In ogni caso è evidente che tutto l’intreccio narrativo è predisposto al solo scopo di illustrare l’abile meccanismo con il quale si è reso possibile il duplice omicidio nella stanza sigillata. Non esistono vicende parallele, non digressioni o riflessioni su argomenti di ordine generale. Tutto è funzionale a fornire gli elementi che compongono l’enigma. La spiegazione finale, poi, occupa quasi tutta la seconda parte del libro, spalmata su ben quattro dei capitoli conclusivi. Non dirò nulla, ovviamente, del rompicapo giallistico o della sua soluzione che sono la sola ragione del romanzo. Non posso esimermi dall’osservare, però, come l’intera costruzione sia sicuramente geniale e ricca di inventiva, ma eccessivamente macchinosa e cerebrale. Arzigogolata e, forse, un po’ astrusa. Mi domando quante volte, nel mondo reale, quel meccanismo inventato dall’assassino del romanzo avrebbe funzionato perfettamente in ogni singolo passaggio, senza incepparsi e mandare tutto all’aria. Insomma, divertente è l’idea, ma troppo cerebrale e assai poco pratica, concretamente.

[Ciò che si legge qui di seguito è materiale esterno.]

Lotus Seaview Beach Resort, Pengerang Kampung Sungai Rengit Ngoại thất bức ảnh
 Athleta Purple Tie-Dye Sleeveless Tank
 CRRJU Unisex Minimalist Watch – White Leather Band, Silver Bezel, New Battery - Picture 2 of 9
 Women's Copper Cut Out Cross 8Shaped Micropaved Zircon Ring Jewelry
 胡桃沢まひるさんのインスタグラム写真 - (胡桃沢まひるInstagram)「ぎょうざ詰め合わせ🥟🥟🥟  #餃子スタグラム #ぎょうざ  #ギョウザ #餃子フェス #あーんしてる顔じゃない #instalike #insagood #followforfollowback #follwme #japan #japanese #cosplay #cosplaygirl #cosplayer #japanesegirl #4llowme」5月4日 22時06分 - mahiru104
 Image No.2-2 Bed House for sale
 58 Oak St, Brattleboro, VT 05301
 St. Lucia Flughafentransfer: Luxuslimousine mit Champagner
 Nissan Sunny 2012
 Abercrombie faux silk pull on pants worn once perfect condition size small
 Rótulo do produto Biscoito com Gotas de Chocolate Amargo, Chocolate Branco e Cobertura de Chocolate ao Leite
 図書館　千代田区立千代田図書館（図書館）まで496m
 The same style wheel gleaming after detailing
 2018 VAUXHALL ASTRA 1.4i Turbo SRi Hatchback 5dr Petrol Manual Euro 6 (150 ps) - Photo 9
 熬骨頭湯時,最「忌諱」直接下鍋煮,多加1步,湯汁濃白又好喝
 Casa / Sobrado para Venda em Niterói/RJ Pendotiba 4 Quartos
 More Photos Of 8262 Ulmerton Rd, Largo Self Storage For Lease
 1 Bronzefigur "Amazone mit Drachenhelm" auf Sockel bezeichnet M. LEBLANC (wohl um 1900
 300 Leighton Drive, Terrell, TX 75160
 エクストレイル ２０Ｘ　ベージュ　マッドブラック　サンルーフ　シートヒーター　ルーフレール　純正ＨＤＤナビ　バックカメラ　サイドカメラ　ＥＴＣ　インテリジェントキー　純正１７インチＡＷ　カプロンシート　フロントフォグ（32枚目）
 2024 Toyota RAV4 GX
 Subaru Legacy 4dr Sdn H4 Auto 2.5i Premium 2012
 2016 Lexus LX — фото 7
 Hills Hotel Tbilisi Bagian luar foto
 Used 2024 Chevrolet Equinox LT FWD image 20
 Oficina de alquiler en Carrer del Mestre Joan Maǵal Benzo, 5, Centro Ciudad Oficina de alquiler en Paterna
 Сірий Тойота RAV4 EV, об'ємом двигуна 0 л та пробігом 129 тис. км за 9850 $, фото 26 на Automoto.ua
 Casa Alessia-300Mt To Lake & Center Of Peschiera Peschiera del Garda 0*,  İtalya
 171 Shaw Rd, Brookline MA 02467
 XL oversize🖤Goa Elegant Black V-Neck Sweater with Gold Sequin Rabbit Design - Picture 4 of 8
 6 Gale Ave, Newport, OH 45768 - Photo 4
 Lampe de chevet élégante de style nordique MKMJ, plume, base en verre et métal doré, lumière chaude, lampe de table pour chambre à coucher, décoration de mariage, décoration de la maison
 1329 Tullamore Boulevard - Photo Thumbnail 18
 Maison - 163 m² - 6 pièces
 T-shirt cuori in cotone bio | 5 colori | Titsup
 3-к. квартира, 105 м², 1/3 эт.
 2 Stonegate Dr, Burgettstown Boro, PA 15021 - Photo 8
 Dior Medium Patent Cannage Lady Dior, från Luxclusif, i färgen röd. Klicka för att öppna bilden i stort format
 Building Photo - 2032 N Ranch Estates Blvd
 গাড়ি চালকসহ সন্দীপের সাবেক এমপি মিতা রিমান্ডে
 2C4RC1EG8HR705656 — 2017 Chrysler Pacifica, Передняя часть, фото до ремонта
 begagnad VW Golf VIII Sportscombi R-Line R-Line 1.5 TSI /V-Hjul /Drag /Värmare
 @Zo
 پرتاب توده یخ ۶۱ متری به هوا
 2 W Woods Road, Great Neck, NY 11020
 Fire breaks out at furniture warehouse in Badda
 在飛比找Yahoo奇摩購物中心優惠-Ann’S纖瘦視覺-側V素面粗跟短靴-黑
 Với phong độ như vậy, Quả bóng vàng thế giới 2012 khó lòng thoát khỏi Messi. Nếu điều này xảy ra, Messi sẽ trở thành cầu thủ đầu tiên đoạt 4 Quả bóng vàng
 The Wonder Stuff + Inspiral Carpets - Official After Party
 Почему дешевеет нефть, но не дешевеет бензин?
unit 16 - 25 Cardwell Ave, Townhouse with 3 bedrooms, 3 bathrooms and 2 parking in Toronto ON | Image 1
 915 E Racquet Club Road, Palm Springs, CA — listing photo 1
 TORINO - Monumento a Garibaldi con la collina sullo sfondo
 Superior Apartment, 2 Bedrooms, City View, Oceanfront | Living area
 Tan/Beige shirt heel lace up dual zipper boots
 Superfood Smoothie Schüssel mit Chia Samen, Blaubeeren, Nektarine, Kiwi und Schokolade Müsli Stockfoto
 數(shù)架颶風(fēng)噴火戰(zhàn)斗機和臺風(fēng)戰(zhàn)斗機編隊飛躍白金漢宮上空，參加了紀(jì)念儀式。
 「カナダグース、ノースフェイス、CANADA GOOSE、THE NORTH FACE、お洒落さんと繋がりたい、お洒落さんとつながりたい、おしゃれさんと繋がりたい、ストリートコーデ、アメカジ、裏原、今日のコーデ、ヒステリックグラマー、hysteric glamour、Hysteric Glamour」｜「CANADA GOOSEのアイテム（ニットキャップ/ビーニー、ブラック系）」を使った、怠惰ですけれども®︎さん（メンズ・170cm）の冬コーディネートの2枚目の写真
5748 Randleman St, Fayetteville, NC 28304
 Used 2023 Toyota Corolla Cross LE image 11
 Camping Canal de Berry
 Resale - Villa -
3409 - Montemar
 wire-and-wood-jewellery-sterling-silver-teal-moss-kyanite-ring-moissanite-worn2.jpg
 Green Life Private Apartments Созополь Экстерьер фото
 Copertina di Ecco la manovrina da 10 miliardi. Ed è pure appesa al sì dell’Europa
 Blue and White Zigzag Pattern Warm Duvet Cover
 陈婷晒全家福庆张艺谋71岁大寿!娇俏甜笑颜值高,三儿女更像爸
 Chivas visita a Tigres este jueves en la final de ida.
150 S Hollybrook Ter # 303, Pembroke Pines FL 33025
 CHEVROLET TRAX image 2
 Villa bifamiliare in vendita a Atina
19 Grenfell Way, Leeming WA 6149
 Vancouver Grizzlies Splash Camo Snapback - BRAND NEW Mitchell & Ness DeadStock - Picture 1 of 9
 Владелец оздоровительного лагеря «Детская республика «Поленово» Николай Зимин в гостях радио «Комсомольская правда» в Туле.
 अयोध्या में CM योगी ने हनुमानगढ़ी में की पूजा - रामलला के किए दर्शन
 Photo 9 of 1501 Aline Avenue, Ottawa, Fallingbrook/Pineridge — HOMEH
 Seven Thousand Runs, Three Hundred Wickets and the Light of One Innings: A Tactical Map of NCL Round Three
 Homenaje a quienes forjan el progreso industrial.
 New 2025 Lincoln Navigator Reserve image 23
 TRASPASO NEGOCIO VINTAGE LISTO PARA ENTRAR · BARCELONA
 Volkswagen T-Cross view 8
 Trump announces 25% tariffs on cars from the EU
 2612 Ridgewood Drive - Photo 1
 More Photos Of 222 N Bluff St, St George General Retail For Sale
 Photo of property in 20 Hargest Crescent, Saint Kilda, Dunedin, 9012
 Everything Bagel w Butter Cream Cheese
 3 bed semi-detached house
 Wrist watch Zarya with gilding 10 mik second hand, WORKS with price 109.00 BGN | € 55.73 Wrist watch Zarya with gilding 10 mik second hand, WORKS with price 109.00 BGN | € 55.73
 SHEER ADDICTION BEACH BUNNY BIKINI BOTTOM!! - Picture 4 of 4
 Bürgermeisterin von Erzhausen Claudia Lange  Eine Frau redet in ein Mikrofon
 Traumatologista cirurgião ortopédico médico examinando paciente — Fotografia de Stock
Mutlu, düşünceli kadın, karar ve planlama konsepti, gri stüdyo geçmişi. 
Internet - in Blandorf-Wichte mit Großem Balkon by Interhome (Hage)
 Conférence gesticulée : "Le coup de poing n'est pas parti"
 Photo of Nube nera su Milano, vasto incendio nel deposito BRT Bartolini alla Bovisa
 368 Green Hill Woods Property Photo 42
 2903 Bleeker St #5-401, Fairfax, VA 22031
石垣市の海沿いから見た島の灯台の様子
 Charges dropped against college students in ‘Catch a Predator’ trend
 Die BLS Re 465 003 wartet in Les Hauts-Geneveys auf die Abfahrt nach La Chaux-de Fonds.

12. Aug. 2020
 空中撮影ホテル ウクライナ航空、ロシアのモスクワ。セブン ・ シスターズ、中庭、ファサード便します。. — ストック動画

Detto questo, mi sembra doveroso segnalare come l’aspetto più affascinante del romanzo sia l’ambientazione nel Giappone degli anni trenta: un Paese in mezzo al guado della storia. Una società che non è più quella feudale e medievale che abbiamo imparato a conoscere attraverso i meravigliosi film di Kurosawa, ma che è egualmente lontana dal frenetico e ipertecnologico Paese odierno. La gente è ancora impregnata del retaggio fornitole dalle sue millenarie tradizioni, ma si muove in un contesto che vorrebbe modernizzarsi. Yokomizo, pur non dilungandosi nelle descrizioni d’ambiente (che dà per scontato), riesce ugualmente a farci assaporare il profumo di quelle antiche dimore di bambù, ove gli ambienti, separati solo da porte scorrevoli, vengono descritti per il numero dei tatami da cui sono costituiti, i tempi sono scanditi dai precisi riti della tradizione e coloro che si vestono con abiti occidentali sono visti come eccentriche divagazioni. Il fatto stesso che l’enigma abbia come elemento caratterizzante il melanconico suono del koto, l’arpa giapponese che accompagna il teatro tradizionale, conferisce un’aura di mistero e incanto a tutta la storia. E il lettore, mentre scorre le pagine del libro, difficilmente riesce a scrollarsi dalla mente quel lento “plin plin” di accompagnamento ai soffusi passi dei protagonisti sulle stuoie intrecciate, ai loro ragionamenti attorno a un tavolo da tè.
In conclusione, il romanzo merita sicuramente la lettura, non tanto e non solo per l’enigma investigativo, quanto, piuttosto, per potersi immergere in quest’epoca, odorosa di loto, di sake, di sete fruscianti e di antiche tradizioni.